MERIDEN — Officials on Thursday night refined a proposal to increase funding for the city’s MeridenBIG commercial space program.
The program, whose name stands for “Meriden Business Investment and Growth,” was established in 2022, with the City Council approving the use of $5 million in federal American Rescue Plan Act money to fund it. The program as currently structured targets the reuse of vacant commercial spaces by businesses not presently located in Meriden by providing grants with a required match to allow applicants to upgrade spaces for code compliance and other improvements in those spaces.
The proposed $1.5 million increase in funding targets businesses already in Meriden, through the potential offering of additional grant opportunities.
Questions and concerns raised by City Councilors during Thursday night’s meeting of the Economic Development Housing and Zoning Committee centered largely on the Meriden Economic Development Corporation,the agency overseeing the program, to ensure transparency, as well as its application process and criteria used to determine which businesses would be eligible if the expansion is ultimately approved.
After two hours of discussion, the committee appeared to reach a consensus on how that program expansion would be structured: in tiers, supporting businesses with so-called storefronts, meaning eligible businesses would not be based out of proprietors’ homes.
The proposal carves out $150,000 to provide $15,000 grants to businesses with two to four employees with no required match. The next tier, $350,000, would provide $25,000 grants to businesses with five to nine employees, also without a required match. Businesses for both of those programs would need to have been in existence for at least two or more years.
The remainder of proposed program funds, $1 million, would fund grants of up to $100,000, with businesses that employ a minimum of 10 people required to match those funds. The matches as proposed would be 25% for the inner district and 50% for the city’s outer district.
Near the outset of discussions, Councilor Bruce A. Fontanella took umbrage with the program being administered entirely by MEDCO and the city’s Department of Economic and Community Development. He noted that the current process for determining ARPA funding distribution to non-profits, businesses and city departments has been public, in that they’ve been conducted through the city’s ARPA Steering Committee and later the City Council.
Fontanella noted a MEDCO-overseen process would be “done without public input.” He described the potential shift in funding applications from local businesses as “an affront” to candidates who’ve already applied, through the different review process. Fontanella balked at allowing a private agency to determine how public money will be distributed.
Those who supported MEDCO’s oversight of the program had a different view, noting the proposed program would allow economic development officials, with the assistance of a concierge, to guide applicants through the program. That guidance would include ensuring applicants provide documentation showing they are eligible for funding under federal guidelines.
Council Majority Leader Sonya Jelks’ concerns centered on the program’s requirements for matching funds and the criteria around the minimum number of employees a business must have to be eligible.

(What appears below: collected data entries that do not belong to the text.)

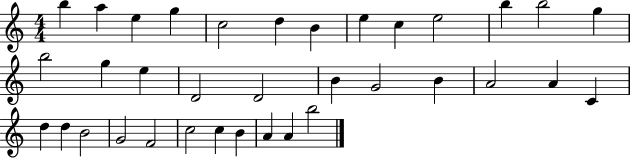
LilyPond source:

{
  \clef treble
  \numericTimeSignature
  \time 4/4
  \key c \major
  b''4 a''4 e''4 g''4 | c''2 d''4 b'4 | e''4 c''4 e''2 | b''4 b''2 g''4 | \break b''2 g''4 e''4 | d'2 d'2 | b'4 g'2 b'4 | a'2 a'4 c'4 | \break d''4 d''4 b'2 | g'2 f'2 | c''2 c''4 b'4 | a'4 a'4 b''2 | \break \bar "|."
}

“While we do want this to benefit businesses in Meriden, it should not be at the cost of small businesses that truly did suffer, which are still staying here, providing the services,” Jelks said. “… I think the true intention of the ARPA money was to help with harm. It was not to boon municipalities for a wishlist of things we wanted to do.”
Joseph Feest, the city’s director of economic development, responding to concerns raised about the application process for the existing program and the potentially expanded one, explained it had been vetted through the same ARPA consultant that the city uses for all of its applications.
Feest explained the program as designed is intended to help smaller mom and pop businesses, which he noted may not have the same time or access to resources that a larger business might have. So the proposed application process allows 60 to 90 days and has a service “built in with this program to help small businesses fill out everything they need to and walk them through the process.”
Mayor Kevin Scarpati was in favor of the proposal and spoke in support of the funding match requirements as well as the criteria around the length of time a business has operated in the city. Scarpati said he wants to see increased employment, including the increased employment of skilled workers.
Scarpati said in his mind the program was not just about retaining businesses in Meriden, but affording them the opportunity to grow — “giving them the ability, a hand up to grow in Meriden.”
Councilor Michael Carabetta spoke supportively of the program’s administration through MEDCO and the Office of Economic and Community Development.
“They offer more assistance to the local businesses,” Carabetta said.